*** INFORMATION SHOWN ***

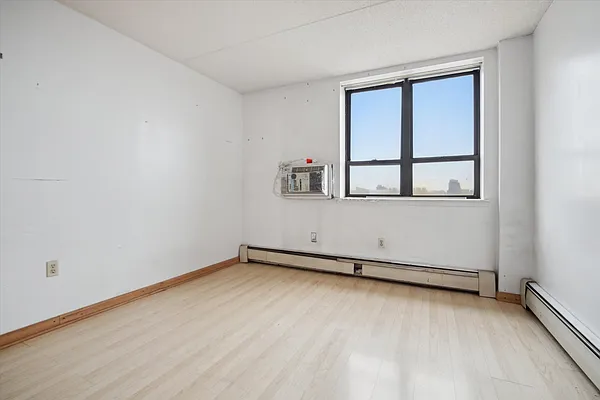 Sold by P R O Links Realty Inc | media 8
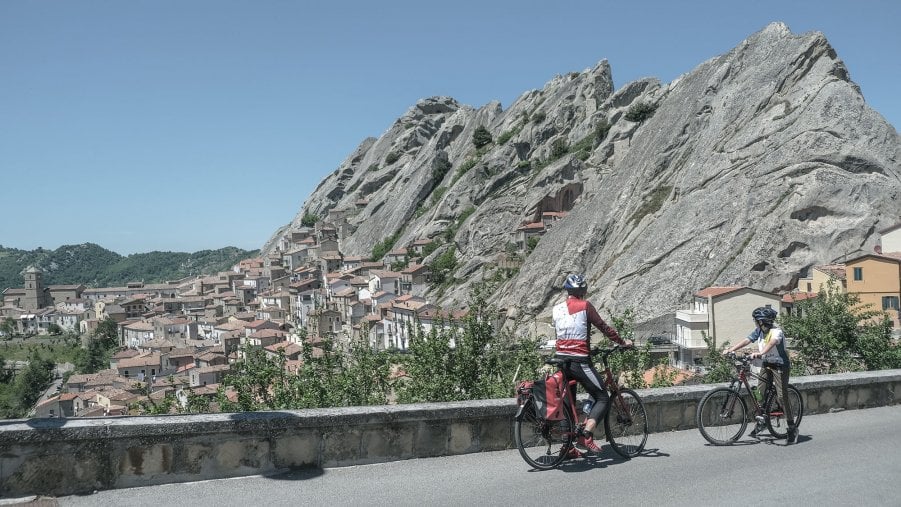 Ciclovia delle Dolomiti Lucane: ‘into the wild’ tra calanchi e borghi nascosti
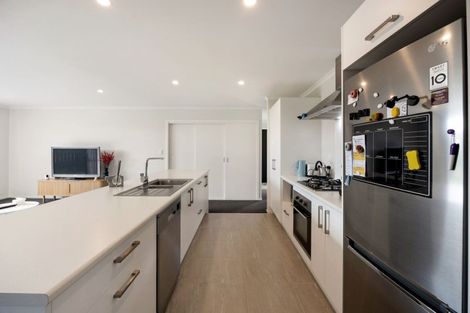 Photo of property in 52 Pragma Rise, Rototuna North, Hamilton, 3210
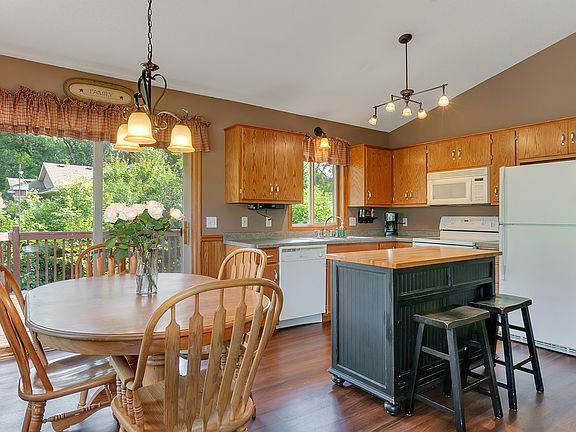 Kitchen & dining area!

*** End of INFORMATION SHOWN ***

WHAT IS NEEDED → Return each line of the material exactly as written; exclude the pictures.

SOLUTION FOR THIS TASK →
 Sold by P R O Links Realty Inc | media 8
 Ciclovia delle Dolomiti Lucane: ‘into the wild’ tra calanchi e borghi nascosti
 Photo of property in 52 Pragma Rise, Rototuna North, Hamilton, 3210
 Kitchen & dining area!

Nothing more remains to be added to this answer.